Vorratsdatenspeicherung – schon das Wort klingt bedrohlich. Sechs Monate lang müssen Telefongesellschaften speichern, wer mit wem wann telefoniert oder Kurznachrichten und E-Mails ausgetauscht hat. So will es eine EU-Richtlinie. Doch in Deutschland würde die zur Terrorismusbekämpfung gedachte Bestimmung zur Verfolgung von Bagatelldelikten missbraucht. Und dies sei nicht mit dem Grundgesetz vereinbar, befanden in der vergangenen Woche die Bundesverfassungsrichter in Karlsruhe.

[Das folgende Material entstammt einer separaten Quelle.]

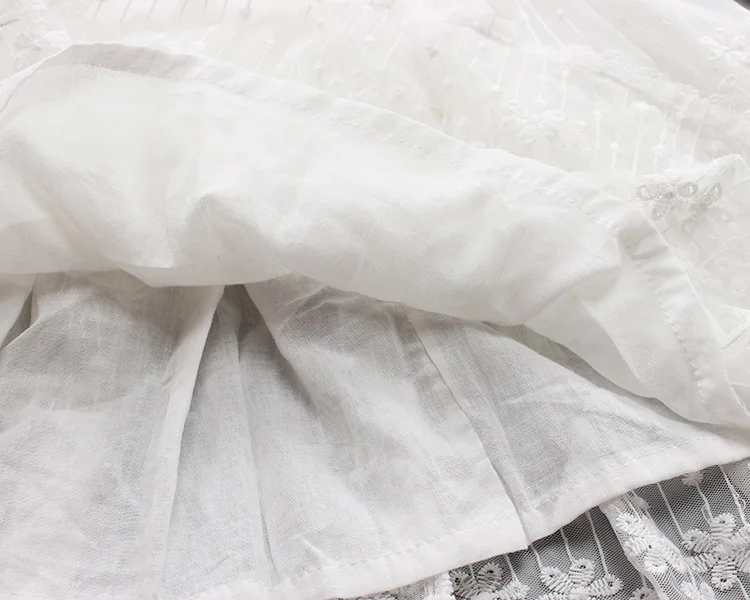2019 new Korean girls dress lace princess style children's gauze Knee-Length Lace Solid | Детская одежда и обувь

Vor dem Hintergrund des deutschen Urteils ist nun auch in Tschechien eine Debatte über die Verwendung der Daten entbrannt.

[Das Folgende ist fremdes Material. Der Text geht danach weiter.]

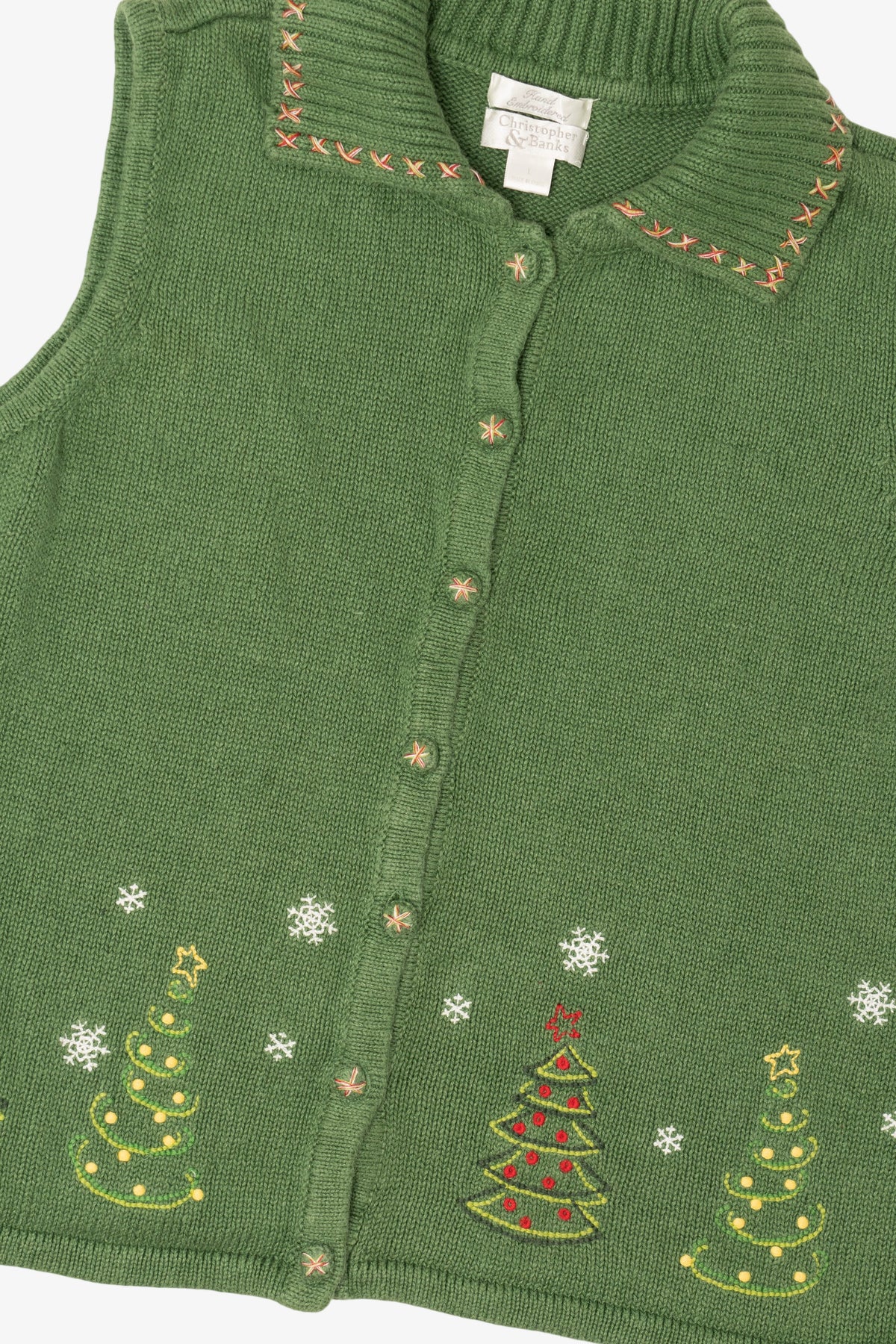Vintage Green Hand Embroidered Christopher & Banks Trees Ugly Christmas Vest (1990s)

Wie in Deutschland müssen auch in Tschechien Telefongesellschaften und Internet-Provider erfassen, wer wann wo mit wem telefoniert oder Nachrichten ausgetauscht hat. Ein halbes Jahr lang müssen die Daten gespeichert und bei Bedarf den Behörden zur Verfügung gestellt werden. Doch was von der EU eigentlich als Maßnahme zur Bekämpfung des Terrorismus gedacht war, wird auch hierzulande zur Verfolgung des sprichwörtlichen Eierdiebes genutzt.

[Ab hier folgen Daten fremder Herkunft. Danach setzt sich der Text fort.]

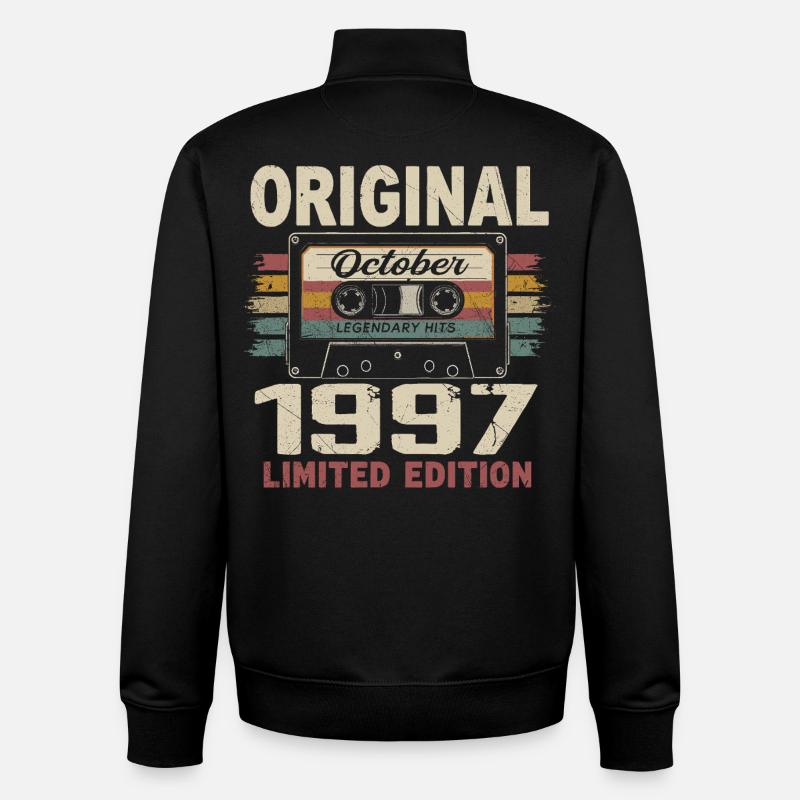 Né en Octobre 1997 | Cadeau Vintage Octobre 1997 - Sweat zippé unisexe en coton bio Stanley/Stella - noir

„Grob geschätzt bekommen wir von den Behörden Zehntausende Anfragen pro Jahr. Das macht mehrere Hundert bis eintausend Anfragen pro Tag“, so Jiří Janeček von der Telefongesellschaft T-Mobile im Tschechischen Fernsehen. Die anderen Telekom-Anbieter sprechen von ähnlichen Zahlen. Experten schätzen, dass Polizei und Staatsanwaltschaft pro Jahr rund 100.000 Rufdaten-Auskünfte anfordern. Die Polizei will diese Zahl nicht kommentieren, bestätigt aber:

„Diese Daten helfen uns sehr bei der Aufklärung von Straftaten und dazu verwenden wir sie auch“, so die Sprecherin der Kriminalpolizei, Pavla Kopecká. Eine Praxis, die einer Gruppe von Abgeordneten nicht gefällt. Sie wollen nun, dass wie in Deutschland das Verfassungsgericht die Vorratsdatenspeicherung überprüft:

„Entweder, wir haben Hunderttausende Terroristen im Land, oder die Polizei fordert die Daten bei jedem Bagatelldelikt an. Nach zwei Jahren zeigt sich, dass dieses Gesetz nicht zur Terrorabwehr dient, sondern zur Bespitzelung aller Bürger“, erläuterte der bürgerdemokratische Abgeordnete Marek Benda im Tschechischen Fernsehen. Er kritisiert außerdem, dass der Staat den Telefongesellschaften mehrere Hunderttausend Euro pro Jahr für die Datenspeicherung bezahlt.

Die Verfassungsbeschwerde soll in den nächsten Tagen eingereicht werden. Das Urteil der Brünner Richter darf mit Spannung erwartet werden.